Parce que ce chamois banal d’aujourd’hui est un miraculé. En 1874, Alpinus disait que « le massif de Villard-de-Lans, qui n’est autre chose que le chaînon de la Chartreuse prolongé, n’en nourrit plus un seul ; et pourtant il a des montagnes admirablement disposées pour ce bel animal. Mais ce pays est en proie, comme tant d’autres, à la lèpre de la possession et de la jouissance directe par la commune. »

Depuis, la population humaine de la montagne a diminué, la chasse a été contrôlée, des réintroductions ont été menées… et le chamois est devenu ce compagnon habituel et sympathique de nos randonnées.

  1. Le chamois préhistorique

Il n’y a pas de chamois à Chauvet ou Lascaux ; je ne sais pas pourquoi. Pourtant, depuis 400 000 ans ou plus, nos ancêtres chassaient déjà cet animal, comme en témoignent divers gisements pyrénéens, alpins ou ardéchois. D’après les généticiens, cette espèce est arrivée dans nos contrées depuis l’Himalaya, en plusieurs flux liés aux glaciations. Le fameux chamois de Chartreuse, jadis considéré comme une sous-espèce, serait avec l’Isard des Pyrénées et le chamois des Abruzzes, le témoin d’une souche ancienne de l’espèce, disparue du reste des Alpes suite à l’arrivée d’une race plus compétitive.

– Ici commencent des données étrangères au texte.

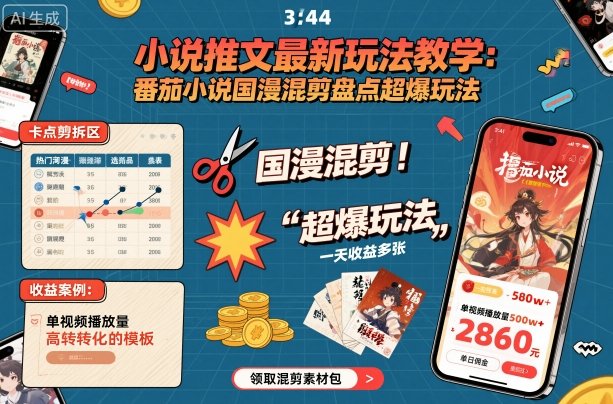 小说推文最新玩法教学，番茄小说国漫混剪盘点超爆玩法，全程干货，一天收益多张-多米联创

  1. Le chamois géographique

De la balade dans le temps, je passe à la balade dans l’espace, aux chamois vus ici ou là dans d’autres régions, participant à d’autres paysages. Et puis, le chamois est, ne l’oublions pas, l’antilope européenne, et mon esprit se prend à le comparer à d’autres souvenirs d’antilopes, pronghorn américains, impalas ou koudous africains… c’est une grande famille, et la parenté de ses membres ne frappe pas les yeux.

  1. La famille secrète du chamois

Le chamois est moins sérieux qu’il n’y parait, et proche parent du dahu. Son masque noir me laisse perplexe ; son utilité m’est inconnue et il le rapproche du blaireau, de la mésange à longue queue et du ratel africain, composant la famille méconnue des « faces rayées ».

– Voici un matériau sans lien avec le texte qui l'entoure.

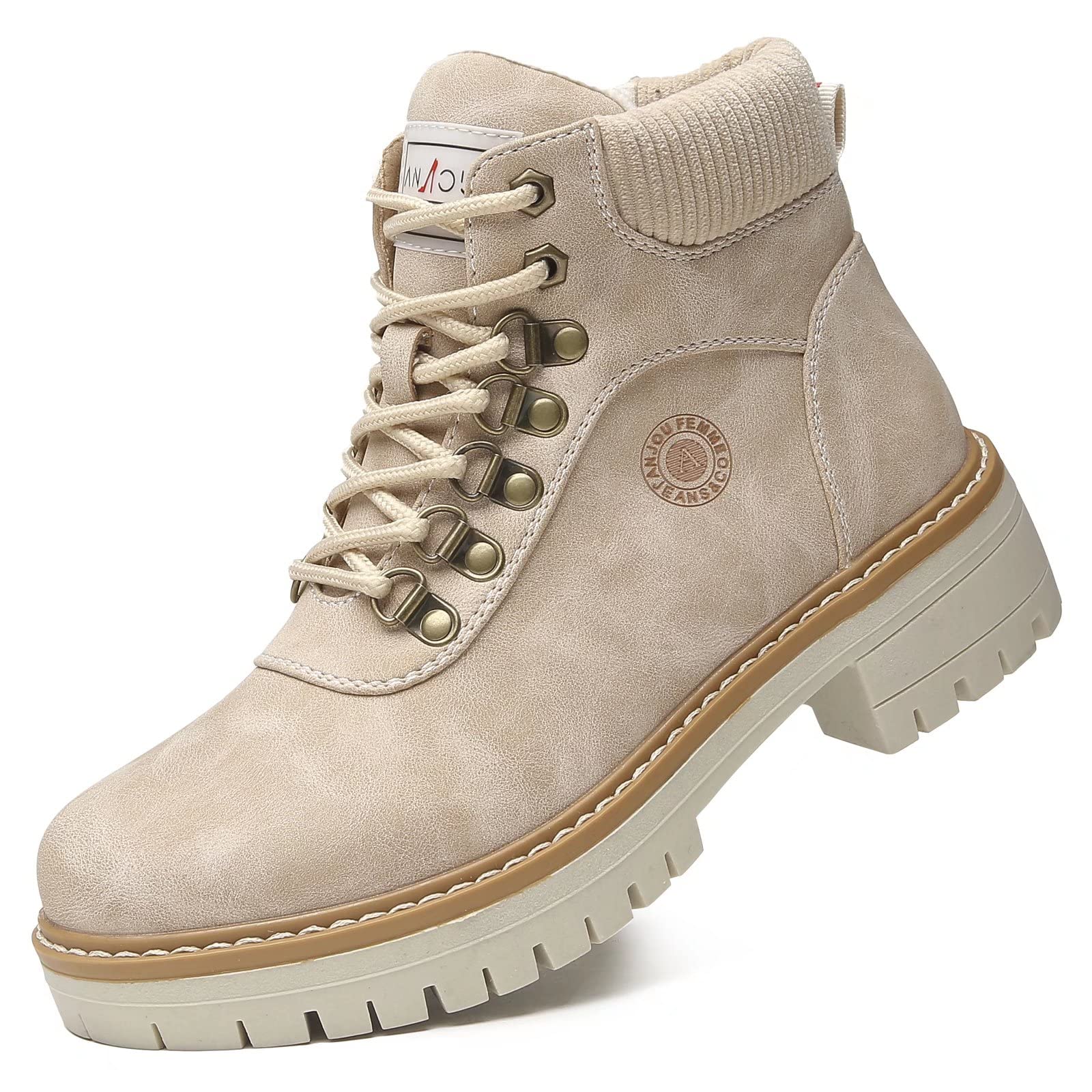 ANJOUFEMME Women's Waterproof Winter Hiking Boots - Lightweight Warm Snow Boots for Outdoor Walking, Backpacking & Casual Wear | Perfect for Snowy Trails, Mountain Trekking & Cold Weather Adventures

  1. Le chamois fantasmatique

Une randonnée hivernale, dans la neige et le plein brouillard. Soudain, je me trouve nez à nez, à quelques mètres, avec deux gros animaux en pleine course vers moi. Mon instinct me dit : « des ânes » ! me laissant pour le moins interloqué. Naturellement, l’âne, c’était moi et les animaux n’étaient que deux chamois aussi surpris que moi, grossis à mes yeux par la loupe du brouillard.

Bon, je sens que je m’égare et je n’irai pas chercher aujourd’hui les chamois suivants au fond mon esprit. Ces 21-là suffisent à donner à l’animal une belle épaisseur et à expliquer amplement le bonheur de la rencontre de celui de Fessole. Vivement le prochain !

[1] Si vous-même faites des observations intéressantes, merci de les communiquer à : http://www.faune-isere.org/

[2] Données tirées de Bernard Fischesser. La vie de la montagne. Ed le Chêne, 1983.

[3] Philippe Géluck. Ma langue au chat.